About 8 months ago, I was just going about my business making a cake for John Ross' birthday. I was using my KitchenAid mixer to whip up a batch of marshmallow fondant to lay over the cake. Anyone who has worked with fondant before knows that it is a pretty heavy load. I finished my frosting, finished my cake and went on celebrating a sweet little 3-year-old boy.
The celebration ended 2 days later when I went to make a batch of merigues (the lightest possible work load for a stand mixer) and the motor would run, but the paddle would hit the meringue and stop.
Stop.
It stopped.
I got the mixer 7 years ago. KitchenAid as a brand has built its reputation on longevity. Their mixers are meant to last a lifetime. A common wedding gift, one would imagine that it should at least last the length of an average marriage, which in one 2011 study was 8.7 years.
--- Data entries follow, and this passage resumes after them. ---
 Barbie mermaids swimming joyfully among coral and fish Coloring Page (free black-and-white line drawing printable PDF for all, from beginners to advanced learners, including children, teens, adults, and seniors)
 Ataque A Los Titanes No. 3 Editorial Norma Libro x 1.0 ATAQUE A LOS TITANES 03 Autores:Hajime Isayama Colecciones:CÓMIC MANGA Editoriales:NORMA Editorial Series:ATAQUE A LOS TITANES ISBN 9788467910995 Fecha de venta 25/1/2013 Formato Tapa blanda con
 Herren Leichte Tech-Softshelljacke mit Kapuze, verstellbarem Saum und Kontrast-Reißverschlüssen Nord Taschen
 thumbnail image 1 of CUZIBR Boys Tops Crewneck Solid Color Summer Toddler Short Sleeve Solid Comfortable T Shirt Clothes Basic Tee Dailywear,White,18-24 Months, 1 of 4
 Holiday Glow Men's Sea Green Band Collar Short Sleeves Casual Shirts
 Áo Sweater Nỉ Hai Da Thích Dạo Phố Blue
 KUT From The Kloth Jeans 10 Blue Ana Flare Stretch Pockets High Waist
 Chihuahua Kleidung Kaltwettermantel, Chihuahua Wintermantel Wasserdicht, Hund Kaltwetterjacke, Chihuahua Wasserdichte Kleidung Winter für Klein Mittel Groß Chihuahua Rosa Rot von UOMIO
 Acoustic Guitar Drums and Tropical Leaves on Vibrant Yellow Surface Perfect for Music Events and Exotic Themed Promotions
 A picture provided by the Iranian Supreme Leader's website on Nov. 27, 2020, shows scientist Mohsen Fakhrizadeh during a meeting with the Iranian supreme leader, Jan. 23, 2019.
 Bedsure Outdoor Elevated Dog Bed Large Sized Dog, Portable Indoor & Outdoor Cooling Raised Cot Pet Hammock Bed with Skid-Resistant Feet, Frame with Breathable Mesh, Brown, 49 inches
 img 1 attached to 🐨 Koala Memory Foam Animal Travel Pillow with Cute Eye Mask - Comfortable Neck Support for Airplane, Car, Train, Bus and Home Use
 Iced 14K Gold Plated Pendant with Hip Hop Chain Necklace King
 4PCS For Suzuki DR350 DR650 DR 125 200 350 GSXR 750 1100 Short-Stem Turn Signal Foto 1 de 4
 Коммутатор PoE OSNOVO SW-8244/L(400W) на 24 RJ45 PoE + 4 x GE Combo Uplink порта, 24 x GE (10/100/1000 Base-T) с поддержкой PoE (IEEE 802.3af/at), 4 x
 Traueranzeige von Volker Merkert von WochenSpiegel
Needless to say, I was annoyed. When I get annoyed, world watch out. I tend to be a bit OCD when irritated. The soupy meringues got pitched and daughter of a mechanical engineer that I am, I delved straight into my mixer.
Yes, I did. I Googled and found out that perhaps my mixer needed cleaning. So with a screwdriver, toothbrush, and popsicle stick, I opened up and cleaned out my entire mixer. It was gross since I didn't know that I was supposed to clean it every few years. With a fresh coat of grease, I put everything back together, plugged it in and turned it on. Same problem. Argh.
I took the whole mixer to my dad at Christmas. If the daughter of a mechanical engineer couldn't figure out a simple motor, her dad probably could, right? Well, after a toothpick and some epoxy fixes, the thing still didn't work. We couldn't get the RPMs right. We decided to replace the phase controller, but that required ordering the piece. So, I took my mixer home, ordered the $7 piece and replaced it. Beautiful, right? Wrong.
At this point, you are all saying, just buy a new mixer. Nope, not this OCD spendthrift. I'm not buying another $200 appliance.
More research. Perhaps it was the electrical wires. Another $30 piece ordered and replaced and finally the RPMs were correct. I seperate some eggs and go to work on my long awaited Resurrection cookies (also a meringue-type cookie). I add the 1/4 cup of sugar from the recipe and not 30 seconds later, the paddle stops and the motor keeps running.
Mental picture time: 8:30 at night, I'm sitting at the kitchen table which is covered with a Valentine's Day table cloth, head in my hands, sobbing and cursing at my mixer. Kevin walks in for the night and suggests we just buy a new one. I snap and him and told him that it is just a stupid machine. Just a motor and some gears. I'm not buying a new one. Period.
Instead, I fiddle and futz with the machine for another 3 hours. I open, close, clean, examine and though I am ashamed to admit it, cried and cursed some more.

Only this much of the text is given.